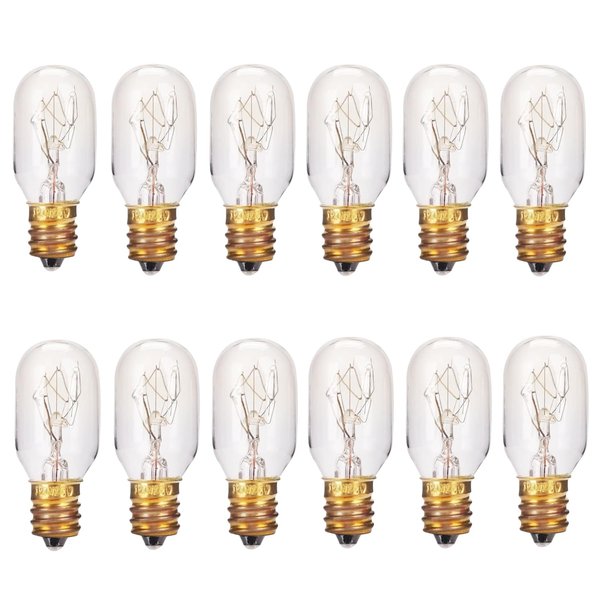 Moflekja Himalayan Salt Lamp Bulbs, T20 25W Original Replacement Long Lasting Incandescent Candelabra Light Bulbs E12 Socket, 120V 2700K Warm White, Pack of 12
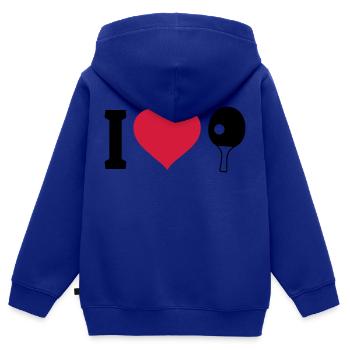 I love Tischtennis - Kinder Premium Organic Zip Hoodie - Royalblau - Hinten - AI Model Kid Male (0cm)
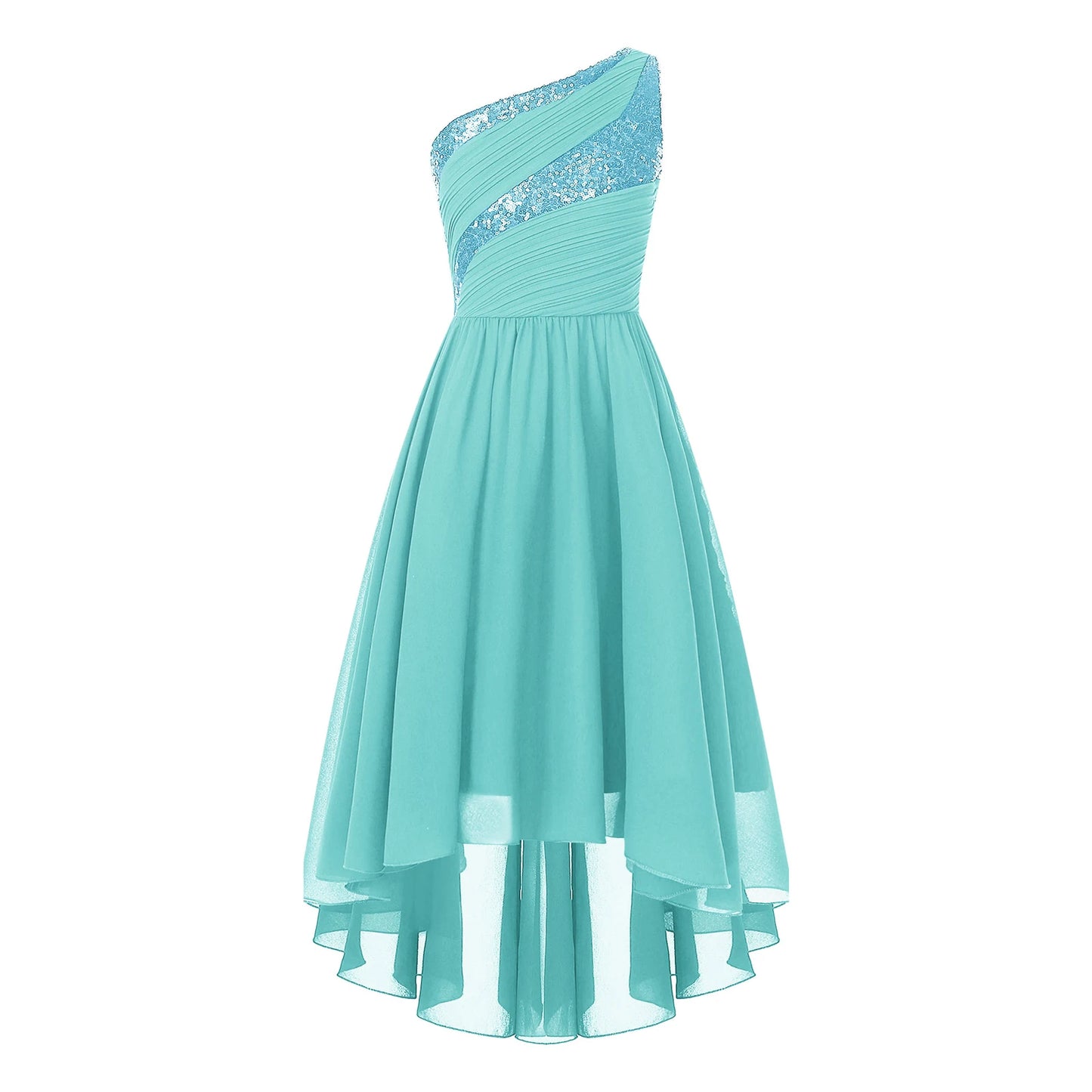 2025 Teens Girl's Dress for Wedding Party Sequin One Shoulder Princess Formal Gown for Holy Communion Chiffon Flower Girl Dress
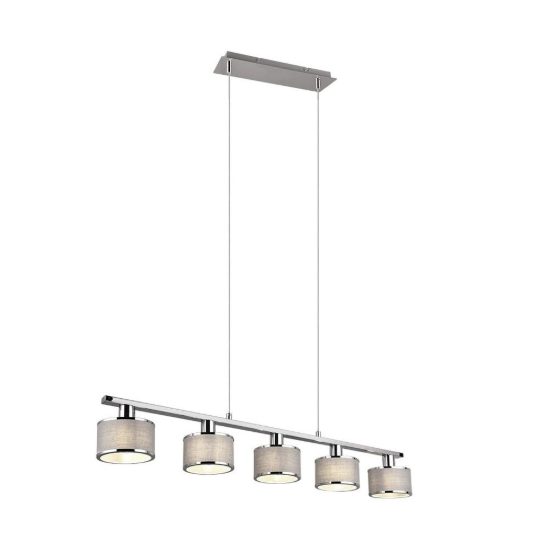 Lampadario 5 luci per sala da pranzo moderno lineare cromo con paralumi in tessuto grigio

##########

# PROBLEM STATEMENT:
Your reply should consist solely of the lines from the one containing "2025 Teens Girl's" through the last line of the material, reproduced exactly and without pictures.

# SOLUTION:
 2025 Teens Girl's Dress for Wedding Party Sequin One Shoulder Princess Formal Gown for Holy Communion Chiffon Flower Girl Dress
 Lampadario 5 luci per sala da pranzo moderno lineare cromo con paralumi in tessuto grigio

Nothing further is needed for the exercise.